According to the source, chief executive officer Judith Balliram-Ramoutar enquired about the drill and was given the assurance that a new one would be bought only after the matter was raised on Ian Alleyne’s Crime Watch show on TV6 last week.
Alleyne told the Express yesterday that at least three families had complained to him about the absence of a drill at the hospital, including the family of a woman in critical condition at the Intensive Care Unit (ICU).
While patients are suffering as a result of this, a source told the Express special provisions were made to treat a relative of a former member of parliament who had a brain tumour and was in need of surgery.
Sources said a drill was transported to the Port of Spain hospital from the Eric Williams Medical Sciences Complex, Mt Hope, some three weeks ago for the surgery, and it was transported back.
Since then, however, that drill has become unworkable—rendering the hospitals at Port of Spain and Mt Hope without drills.
It is unknown if other people have died as a result of the inability to conduct life-saving brain surgery.
One death that is certain is that of Hosein.
Hosein’s wife, Abbygail Aji, told the Express of the horror she endured at Port of Spain General, and questioned whether her husband would be alive today if he had received the surgery that was urgently needed.
She said on September 27, she and her husband were having dinner, when he complained to her about a headache and she called an ambulance after his speech changed. She said he was making strange faces and she thought he was having a stroke.
Hosein, she said, was taken to the Scarborough General Hospital, where they waited almost five hours before being attended to by a doctor.
At 5 a.m. the next day, he was admitted to a ward and a CT scan was done, which detected a brain tumour. Aji said she was in shock, as Hosein never showed any symptoms of a brain tumour. “The doctors told me the situation was bad and he had to go to Trinidad,” she said.
On September 28, Hosein was airlifted to Port of Spain General, where tests were undertaken.
Aji said after ensuring her blind mother was being cared for, she flew to Trinidad on September 29 and went to the hospital, where doctors informed her Hosein needed surgery and four pints of blood.
The blood was donated by Hosein’s family and they were told to return to the hospital on October 2 to speak to the consultant.
Aji said she followed instructions and returned to the hospital and literally had to hunt all over to find the consultant.
The consultant, she said, did not see her, but sent a house doctor, who informed her the surgery could not have been done because there was no drill. She was also told the most that could have been done was to stabilise Hosein until there was a drill.

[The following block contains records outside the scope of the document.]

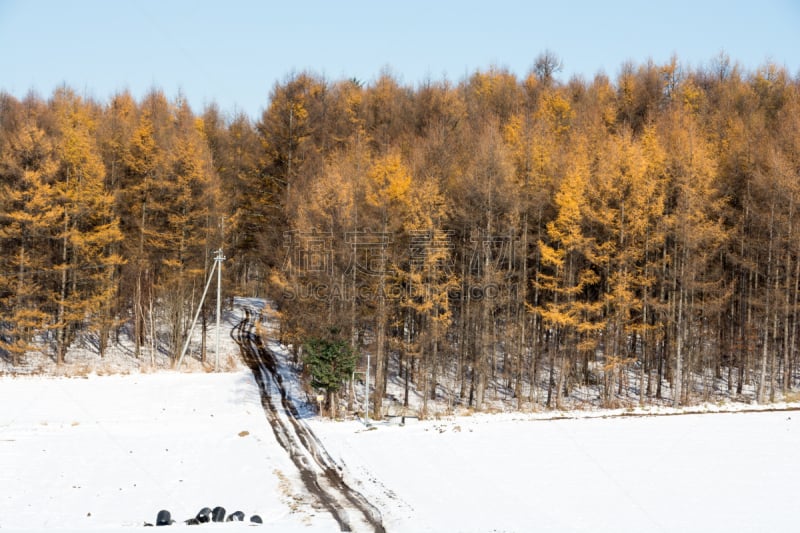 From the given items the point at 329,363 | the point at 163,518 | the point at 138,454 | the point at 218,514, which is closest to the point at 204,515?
the point at 218,514

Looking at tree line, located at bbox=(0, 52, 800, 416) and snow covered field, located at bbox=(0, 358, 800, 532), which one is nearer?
snow covered field, located at bbox=(0, 358, 800, 532)

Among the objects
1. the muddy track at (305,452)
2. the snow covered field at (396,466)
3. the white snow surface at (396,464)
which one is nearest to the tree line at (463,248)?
the muddy track at (305,452)

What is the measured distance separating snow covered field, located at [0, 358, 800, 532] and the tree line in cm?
563

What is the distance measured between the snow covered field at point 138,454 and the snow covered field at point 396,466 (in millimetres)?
82

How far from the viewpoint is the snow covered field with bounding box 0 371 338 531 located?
19531mm

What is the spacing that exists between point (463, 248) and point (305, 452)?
1496 centimetres

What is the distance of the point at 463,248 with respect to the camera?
36.2 metres

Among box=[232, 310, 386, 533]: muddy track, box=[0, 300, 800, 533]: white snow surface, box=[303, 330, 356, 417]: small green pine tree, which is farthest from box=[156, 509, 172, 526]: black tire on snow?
box=[303, 330, 356, 417]: small green pine tree

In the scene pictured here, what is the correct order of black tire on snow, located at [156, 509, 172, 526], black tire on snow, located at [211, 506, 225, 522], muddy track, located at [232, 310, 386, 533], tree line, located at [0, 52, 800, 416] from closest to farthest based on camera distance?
black tire on snow, located at [156, 509, 172, 526]
black tire on snow, located at [211, 506, 225, 522]
muddy track, located at [232, 310, 386, 533]
tree line, located at [0, 52, 800, 416]

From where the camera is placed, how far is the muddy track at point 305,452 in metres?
19.3

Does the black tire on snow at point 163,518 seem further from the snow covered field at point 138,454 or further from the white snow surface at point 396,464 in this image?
the snow covered field at point 138,454

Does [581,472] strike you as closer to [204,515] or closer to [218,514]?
[218,514]

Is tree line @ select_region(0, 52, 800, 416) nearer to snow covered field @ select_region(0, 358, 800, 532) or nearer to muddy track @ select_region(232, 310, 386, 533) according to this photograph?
muddy track @ select_region(232, 310, 386, 533)

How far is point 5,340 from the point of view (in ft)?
133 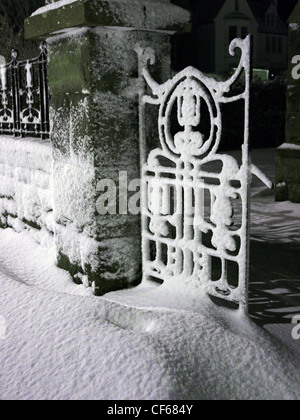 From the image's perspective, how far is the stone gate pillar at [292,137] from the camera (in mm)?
7570

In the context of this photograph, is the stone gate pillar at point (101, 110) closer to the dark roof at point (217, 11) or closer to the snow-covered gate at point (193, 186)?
the snow-covered gate at point (193, 186)

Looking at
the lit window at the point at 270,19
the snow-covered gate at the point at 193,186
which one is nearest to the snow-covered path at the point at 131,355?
the snow-covered gate at the point at 193,186

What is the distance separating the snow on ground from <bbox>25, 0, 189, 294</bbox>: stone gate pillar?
38 centimetres

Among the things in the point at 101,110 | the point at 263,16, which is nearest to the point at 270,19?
the point at 263,16

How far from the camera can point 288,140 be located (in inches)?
309

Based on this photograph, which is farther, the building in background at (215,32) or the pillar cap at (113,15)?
the building in background at (215,32)

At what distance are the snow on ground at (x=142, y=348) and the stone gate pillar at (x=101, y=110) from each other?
1.26ft

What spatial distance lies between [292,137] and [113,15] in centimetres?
518

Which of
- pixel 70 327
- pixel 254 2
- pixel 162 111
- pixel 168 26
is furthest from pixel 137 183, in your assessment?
pixel 254 2

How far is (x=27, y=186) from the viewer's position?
5.03m

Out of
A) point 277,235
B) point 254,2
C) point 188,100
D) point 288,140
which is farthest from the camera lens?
point 254,2

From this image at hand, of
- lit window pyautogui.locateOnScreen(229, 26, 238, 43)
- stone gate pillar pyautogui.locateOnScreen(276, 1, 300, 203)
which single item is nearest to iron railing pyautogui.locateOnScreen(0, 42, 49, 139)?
stone gate pillar pyautogui.locateOnScreen(276, 1, 300, 203)

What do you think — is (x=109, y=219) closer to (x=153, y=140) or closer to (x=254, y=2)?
(x=153, y=140)

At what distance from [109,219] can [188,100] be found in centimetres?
100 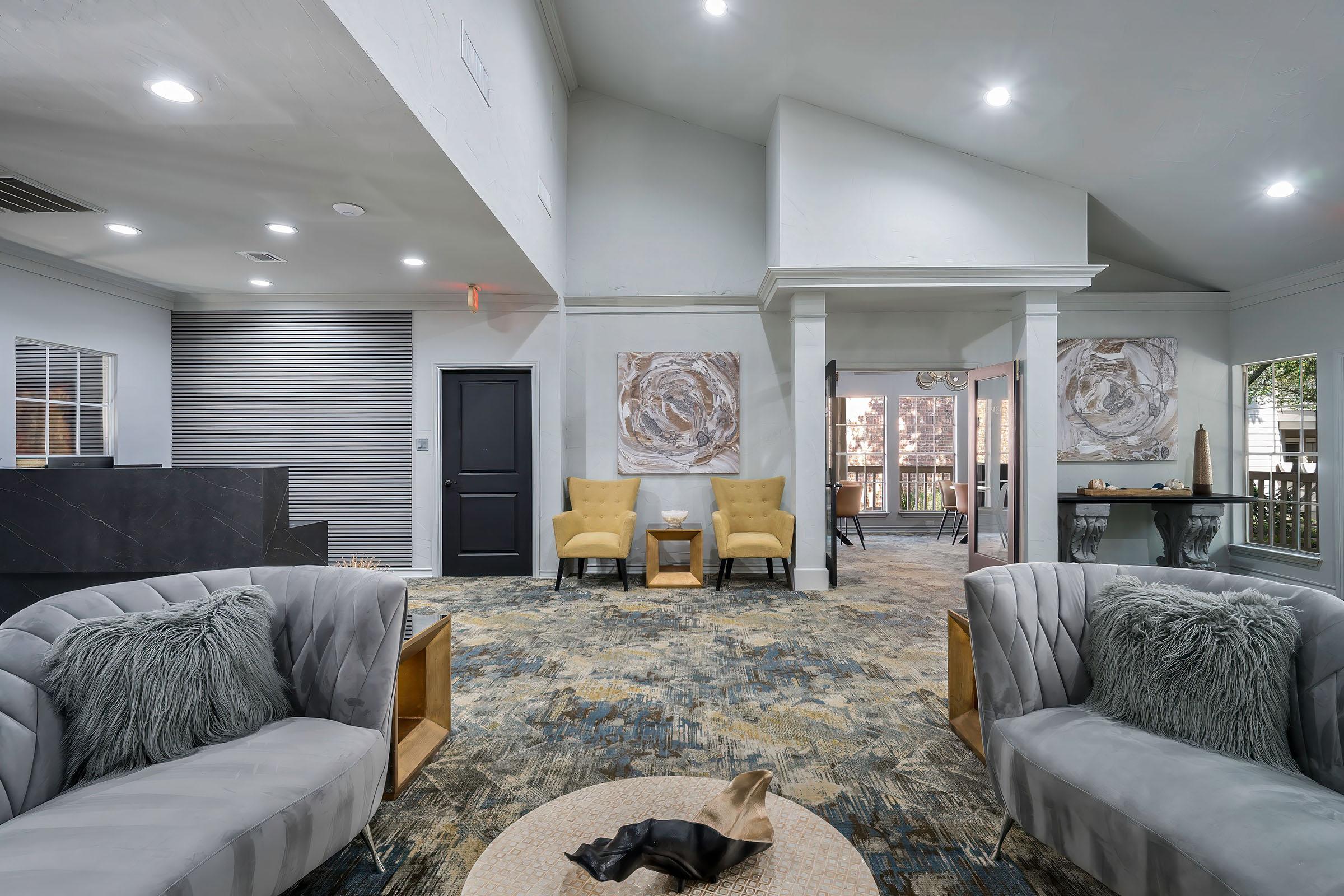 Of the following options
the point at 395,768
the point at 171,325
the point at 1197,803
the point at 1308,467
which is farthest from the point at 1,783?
the point at 1308,467

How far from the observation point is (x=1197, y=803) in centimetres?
133

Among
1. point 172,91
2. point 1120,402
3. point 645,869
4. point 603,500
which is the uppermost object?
point 172,91

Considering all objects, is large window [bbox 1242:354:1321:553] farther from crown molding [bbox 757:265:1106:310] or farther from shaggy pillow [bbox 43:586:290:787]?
shaggy pillow [bbox 43:586:290:787]

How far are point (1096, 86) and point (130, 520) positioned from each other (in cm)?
636

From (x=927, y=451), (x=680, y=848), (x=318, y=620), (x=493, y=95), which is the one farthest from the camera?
(x=927, y=451)

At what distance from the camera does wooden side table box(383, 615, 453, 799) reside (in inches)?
93.5

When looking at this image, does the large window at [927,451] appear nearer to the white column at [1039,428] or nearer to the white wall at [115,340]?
the white column at [1039,428]

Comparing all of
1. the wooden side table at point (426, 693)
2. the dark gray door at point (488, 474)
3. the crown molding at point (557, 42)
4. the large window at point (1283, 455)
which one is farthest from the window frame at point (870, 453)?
the wooden side table at point (426, 693)

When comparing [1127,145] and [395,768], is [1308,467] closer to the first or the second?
[1127,145]

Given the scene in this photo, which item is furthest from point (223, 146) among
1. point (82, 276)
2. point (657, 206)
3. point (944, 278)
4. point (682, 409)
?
point (944, 278)

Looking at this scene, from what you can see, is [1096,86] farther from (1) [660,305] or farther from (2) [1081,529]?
(1) [660,305]

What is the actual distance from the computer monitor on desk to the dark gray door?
7.68 feet

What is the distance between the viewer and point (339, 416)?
586cm

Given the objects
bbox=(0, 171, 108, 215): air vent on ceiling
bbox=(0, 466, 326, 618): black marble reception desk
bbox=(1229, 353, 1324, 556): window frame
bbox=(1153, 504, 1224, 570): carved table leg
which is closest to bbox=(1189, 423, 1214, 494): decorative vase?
bbox=(1153, 504, 1224, 570): carved table leg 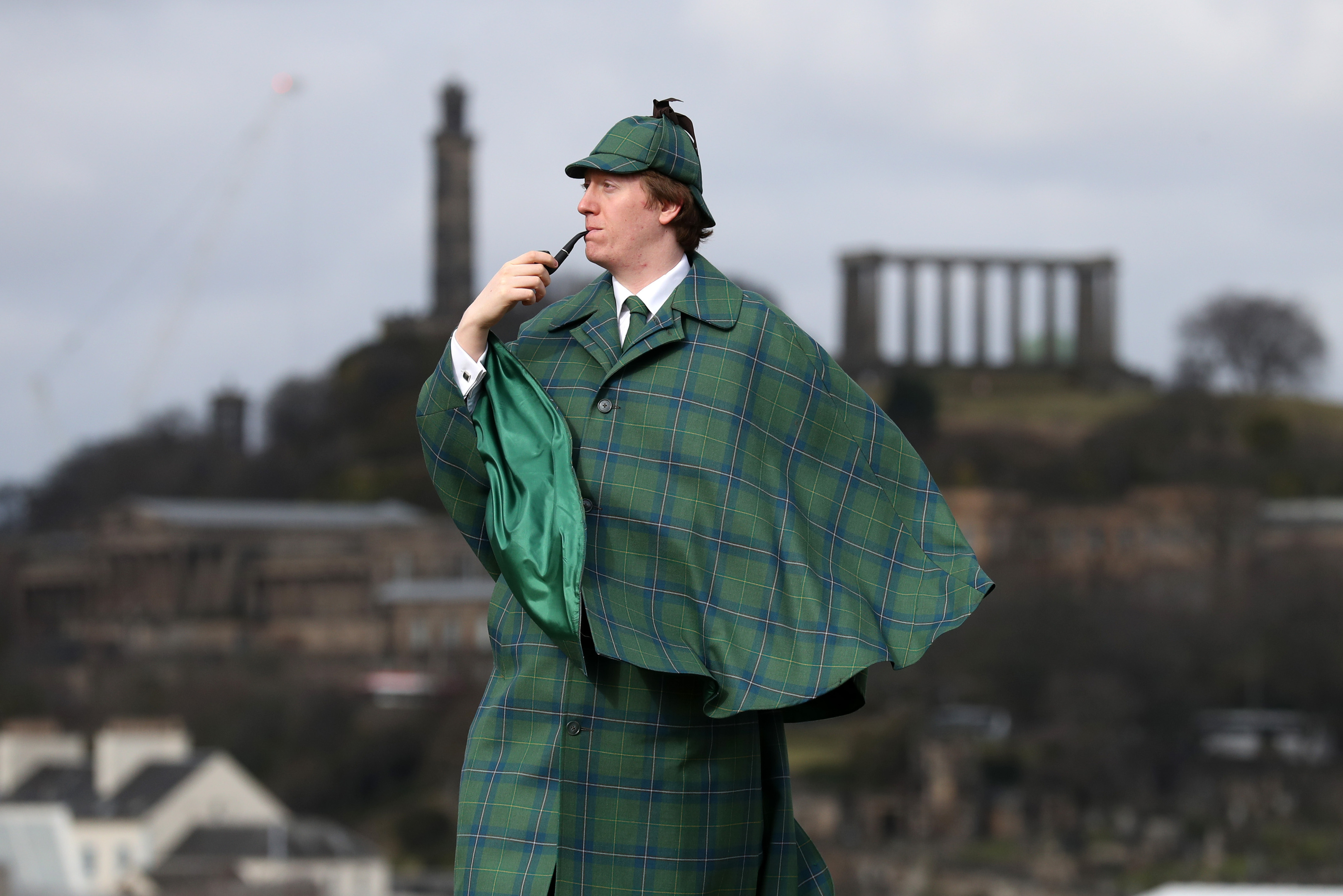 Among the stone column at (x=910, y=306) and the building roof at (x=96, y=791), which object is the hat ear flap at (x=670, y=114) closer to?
the building roof at (x=96, y=791)

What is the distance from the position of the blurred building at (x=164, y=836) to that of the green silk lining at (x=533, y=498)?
137 ft

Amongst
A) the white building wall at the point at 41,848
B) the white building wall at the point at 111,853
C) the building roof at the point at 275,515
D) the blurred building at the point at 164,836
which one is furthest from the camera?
the building roof at the point at 275,515

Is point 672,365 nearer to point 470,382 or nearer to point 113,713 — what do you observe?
point 470,382

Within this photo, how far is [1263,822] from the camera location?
63406 millimetres

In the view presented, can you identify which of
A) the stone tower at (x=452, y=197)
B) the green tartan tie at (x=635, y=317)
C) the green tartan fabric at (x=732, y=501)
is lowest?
the green tartan fabric at (x=732, y=501)

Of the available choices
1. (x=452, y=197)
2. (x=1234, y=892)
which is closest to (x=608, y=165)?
(x=1234, y=892)

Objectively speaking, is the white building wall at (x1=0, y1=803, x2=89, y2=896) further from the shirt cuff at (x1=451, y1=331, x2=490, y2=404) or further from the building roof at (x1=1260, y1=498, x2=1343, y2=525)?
the building roof at (x1=1260, y1=498, x2=1343, y2=525)

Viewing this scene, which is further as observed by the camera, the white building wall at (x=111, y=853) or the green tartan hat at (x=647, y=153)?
the white building wall at (x=111, y=853)

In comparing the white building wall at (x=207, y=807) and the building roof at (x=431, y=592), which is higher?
the building roof at (x=431, y=592)

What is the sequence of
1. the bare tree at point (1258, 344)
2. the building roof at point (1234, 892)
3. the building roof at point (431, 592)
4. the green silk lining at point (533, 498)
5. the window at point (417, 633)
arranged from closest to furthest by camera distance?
the green silk lining at point (533, 498), the building roof at point (1234, 892), the building roof at point (431, 592), the window at point (417, 633), the bare tree at point (1258, 344)

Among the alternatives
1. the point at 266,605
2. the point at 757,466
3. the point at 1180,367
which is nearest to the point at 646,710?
the point at 757,466

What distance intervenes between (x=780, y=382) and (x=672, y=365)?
0.23 meters

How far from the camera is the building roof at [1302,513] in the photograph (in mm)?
92125

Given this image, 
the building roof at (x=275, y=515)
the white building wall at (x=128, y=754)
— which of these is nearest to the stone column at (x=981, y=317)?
the building roof at (x=275, y=515) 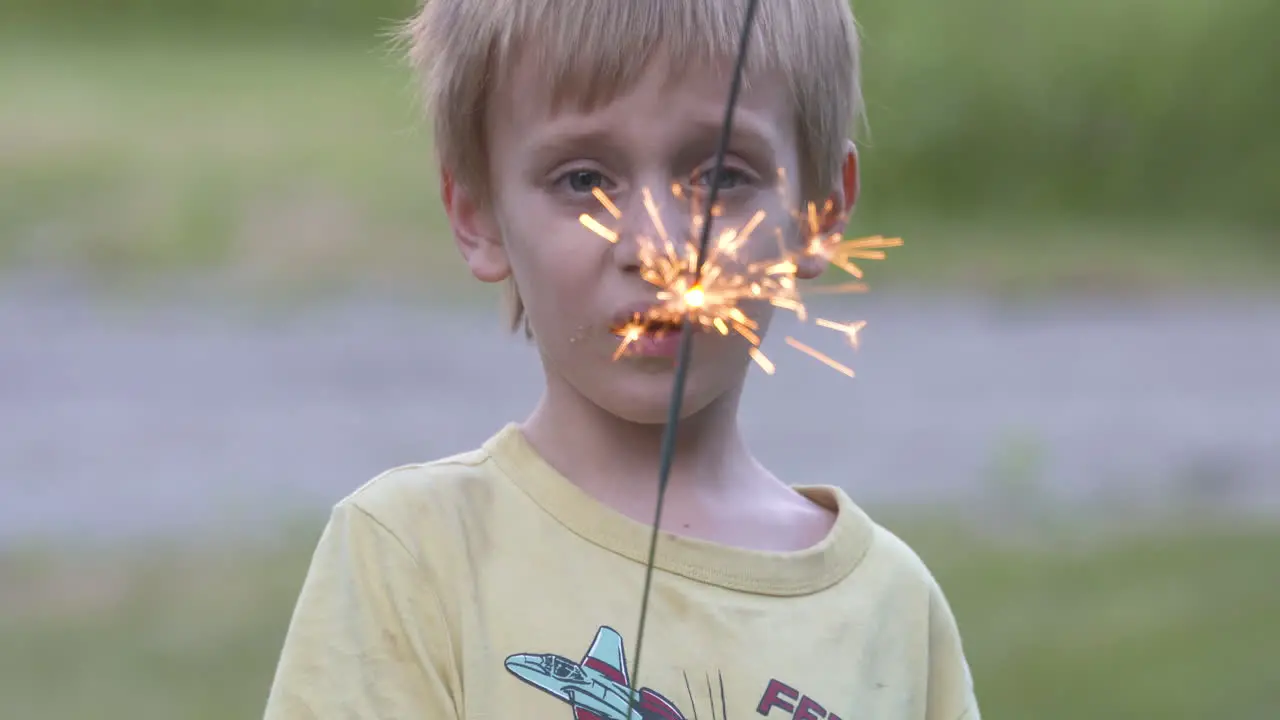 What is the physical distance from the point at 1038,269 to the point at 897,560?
4.31 meters

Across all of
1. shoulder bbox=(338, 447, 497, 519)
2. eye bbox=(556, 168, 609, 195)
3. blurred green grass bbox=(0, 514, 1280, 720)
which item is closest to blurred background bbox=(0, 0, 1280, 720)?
blurred green grass bbox=(0, 514, 1280, 720)

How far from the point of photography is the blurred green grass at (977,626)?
262 cm

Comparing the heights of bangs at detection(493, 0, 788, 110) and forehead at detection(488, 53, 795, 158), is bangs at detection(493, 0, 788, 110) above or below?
above

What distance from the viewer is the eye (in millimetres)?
897

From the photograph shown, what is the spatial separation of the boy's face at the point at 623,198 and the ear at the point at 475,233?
0.06 feet

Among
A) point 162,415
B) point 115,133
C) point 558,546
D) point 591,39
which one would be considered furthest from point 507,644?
point 115,133

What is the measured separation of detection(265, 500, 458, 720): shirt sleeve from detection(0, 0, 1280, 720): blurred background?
1683 mm

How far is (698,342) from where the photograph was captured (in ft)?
2.99

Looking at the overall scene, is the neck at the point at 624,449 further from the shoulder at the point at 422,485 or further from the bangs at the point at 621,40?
the bangs at the point at 621,40

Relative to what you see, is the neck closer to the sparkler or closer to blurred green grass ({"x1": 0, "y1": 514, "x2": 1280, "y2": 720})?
the sparkler

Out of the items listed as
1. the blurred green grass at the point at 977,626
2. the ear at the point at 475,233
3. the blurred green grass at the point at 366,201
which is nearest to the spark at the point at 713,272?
the ear at the point at 475,233

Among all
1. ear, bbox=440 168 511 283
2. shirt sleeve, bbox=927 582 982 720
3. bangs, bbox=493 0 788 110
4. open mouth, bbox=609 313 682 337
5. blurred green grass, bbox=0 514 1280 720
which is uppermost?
bangs, bbox=493 0 788 110

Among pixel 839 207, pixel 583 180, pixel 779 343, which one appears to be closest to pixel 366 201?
pixel 779 343

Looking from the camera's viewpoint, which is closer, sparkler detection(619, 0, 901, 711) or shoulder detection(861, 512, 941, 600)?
sparkler detection(619, 0, 901, 711) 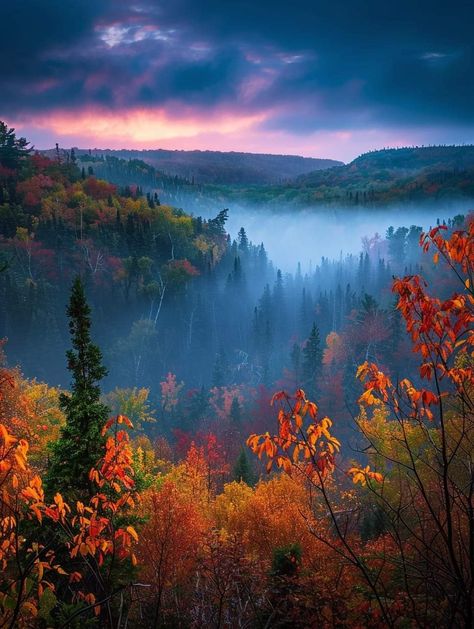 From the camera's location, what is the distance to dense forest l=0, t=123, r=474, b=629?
16.5 feet

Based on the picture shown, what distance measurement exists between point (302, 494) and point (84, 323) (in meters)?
22.3

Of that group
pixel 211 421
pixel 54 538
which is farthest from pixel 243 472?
pixel 211 421

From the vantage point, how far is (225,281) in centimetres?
11719

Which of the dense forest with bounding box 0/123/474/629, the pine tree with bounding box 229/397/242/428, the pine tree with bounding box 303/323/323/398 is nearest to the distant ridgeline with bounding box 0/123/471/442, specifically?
the pine tree with bounding box 303/323/323/398

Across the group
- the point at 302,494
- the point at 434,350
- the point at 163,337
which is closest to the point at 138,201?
the point at 163,337

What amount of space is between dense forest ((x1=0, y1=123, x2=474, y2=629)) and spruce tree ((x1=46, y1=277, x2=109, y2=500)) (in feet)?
0.21

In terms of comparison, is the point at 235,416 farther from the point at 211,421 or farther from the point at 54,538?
the point at 54,538

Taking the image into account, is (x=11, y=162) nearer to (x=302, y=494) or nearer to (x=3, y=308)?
(x=3, y=308)

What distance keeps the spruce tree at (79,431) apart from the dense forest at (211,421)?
0.21 ft

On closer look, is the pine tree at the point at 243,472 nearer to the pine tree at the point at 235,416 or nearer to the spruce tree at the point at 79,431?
the spruce tree at the point at 79,431

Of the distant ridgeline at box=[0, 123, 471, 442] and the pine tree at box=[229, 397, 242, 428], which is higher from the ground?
the distant ridgeline at box=[0, 123, 471, 442]

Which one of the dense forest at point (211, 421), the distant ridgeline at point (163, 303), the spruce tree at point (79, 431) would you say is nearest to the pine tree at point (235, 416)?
the dense forest at point (211, 421)

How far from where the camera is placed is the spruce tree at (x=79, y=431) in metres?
13.8

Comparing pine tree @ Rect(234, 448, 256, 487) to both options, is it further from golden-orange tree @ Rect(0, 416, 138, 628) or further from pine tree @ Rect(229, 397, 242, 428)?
pine tree @ Rect(229, 397, 242, 428) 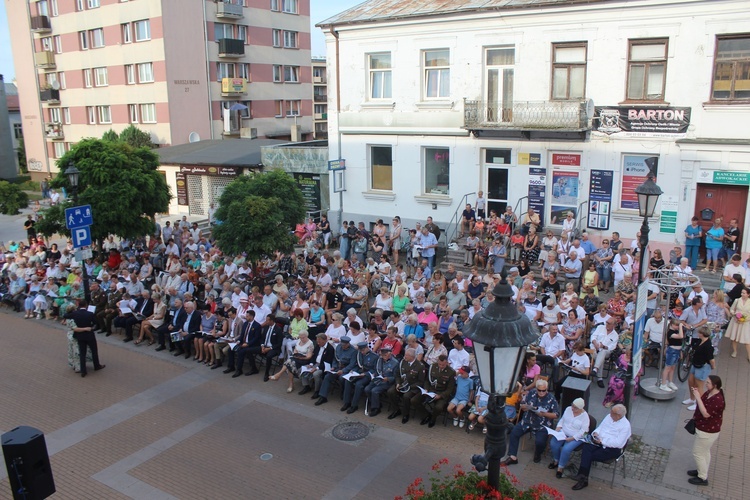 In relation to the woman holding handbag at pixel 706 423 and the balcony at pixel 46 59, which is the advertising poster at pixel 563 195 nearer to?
the woman holding handbag at pixel 706 423

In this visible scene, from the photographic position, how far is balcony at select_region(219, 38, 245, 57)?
41625 millimetres

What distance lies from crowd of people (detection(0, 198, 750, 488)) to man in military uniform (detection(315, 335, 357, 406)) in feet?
0.09

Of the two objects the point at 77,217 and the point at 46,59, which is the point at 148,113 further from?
the point at 77,217

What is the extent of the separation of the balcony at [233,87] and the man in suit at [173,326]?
95.8 feet

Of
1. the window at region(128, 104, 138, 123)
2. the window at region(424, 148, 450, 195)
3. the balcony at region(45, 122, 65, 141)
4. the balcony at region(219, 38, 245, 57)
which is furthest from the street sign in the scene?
the balcony at region(45, 122, 65, 141)

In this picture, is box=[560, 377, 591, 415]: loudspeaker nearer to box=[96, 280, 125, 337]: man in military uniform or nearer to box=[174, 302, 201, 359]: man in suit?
box=[174, 302, 201, 359]: man in suit

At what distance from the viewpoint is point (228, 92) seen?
4216 centimetres

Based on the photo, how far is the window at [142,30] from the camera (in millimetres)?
39688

“I went back again the next day to find the consultant and again spoke to the house doctor, who said basically the same thing—they will stabilise him and send him home,” said Aji.
“At this point, Rahil (Hosein) had taken a turn for the worse. He was heaving off the bed, trying to breathe. I was horrified. The doctors told me he might have a touch of pneumonia,” she said.
She said doctors instructed the ICU staff to look at Hosein, but nothing happened.
Aji said she was only allowed to visit her husband during visiting hours so she would wait in the car park from afternoon to evening for the next visiting time.
By Friday, she said Hosein’s condition had worsened. “He had the empty oxygen mask on his forehead, he couldn’t breathe, no tests were done, he was just lying there,” she said.
“The doctors came and asked me what’s the problem. I’m the one out in the car park and they are the ones with him, and they asking me what’s the problem,” she said.
“On Saturday morning, we got the phone call that he died at 7.38 a.m.,” said Aji.
“I don’t know if he would have survived the surgery and whether he was strong enough, but they gave us hope when they said they will do the surgery.
“We really can’t tell what would have happened, but they gave us hope and led us to believe that he would have a chance,” said Aji.